Ms. Schuetze said judges and lawyers must be independent, and that their independence is protected by the separation of powers: the division of authority amongst the executive (government), the legislative (Parliament) and the judiciary (the courts).
Without it, no one is guaranteed their right to a fair trial, which is a breach of a fundamental human right.
Though Samoa is a party to international conventions on human rights, this alone does not bind the country to upholding these obligations, Ms. Schuetze said, because of the universality of human rights.
“There is a United Nations (U.N.) Special Rapporteur on the independence of judges and lawyers,” she added.
“If Samoa is very confident that the laws are consistent with international human rights law they would not be afraid to invite the special rapporteur to visit and comment on those issues and ensure those rights are protected and upheld.”
The current Special Rapporteur is Peruvian Judge, Diego Garcia-Sayan, who was President of the Inter-American Court of Human Rights for two terms, and was the Minister of Justice during the democratic transition in Peru.”

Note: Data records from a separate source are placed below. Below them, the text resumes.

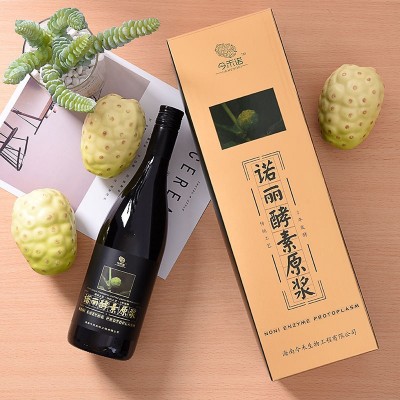 诺丽原汁酵素诺丽果汁原浆复合孝素海南工厂现货750ml5年发酵 2瓶图3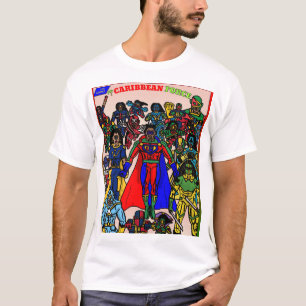 Camiseta Fuerza Caribeña
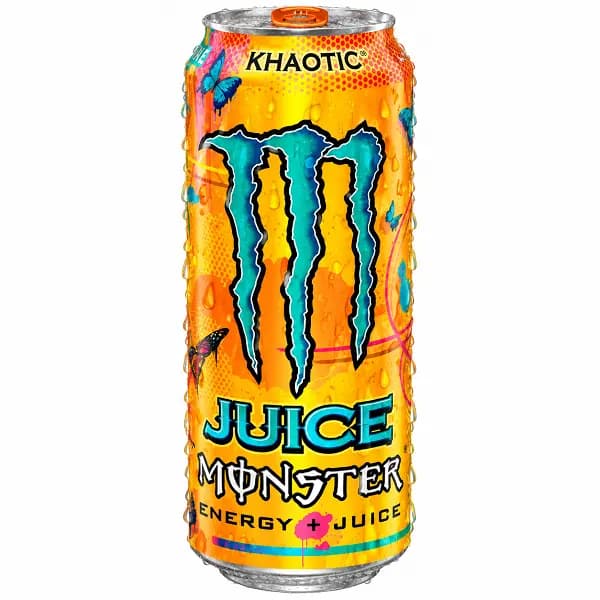 نوشیدنی انرژی زا مانستر خاوتیک Monster – 500ml — تصویر ۳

The bills would also remove the right of appeal to the Supreme Court from the Land and Titles Court (L.T.C.) and instead form a court of appeal and court of final review for L.T.C. appellants.
This would drastically undermine human rights as enshrined in international human rights law, but also in Samoa’s Constitution, Ms. Schuetze told the Samoa Observer.
“Every state has obligations to uphold the right to a fair trial and that is a system that protects innocent people from going to jail, which is a very serious human rights violation,” she said.
“When you have two separate court systems it is very hard to ensure that there is equality before the law because you are separating those jurisdictions and the outcomes someone might get in one jurisdiction is different to another.”
The bills have been drafted for several reasons but chief among them is a desire by the Government to give more weight to custom in the courts, which Prime Minister Tuilaepa Dr. Sailele Malielegaoi said have been underprivileged in favour of ‘palagi’ individual rights.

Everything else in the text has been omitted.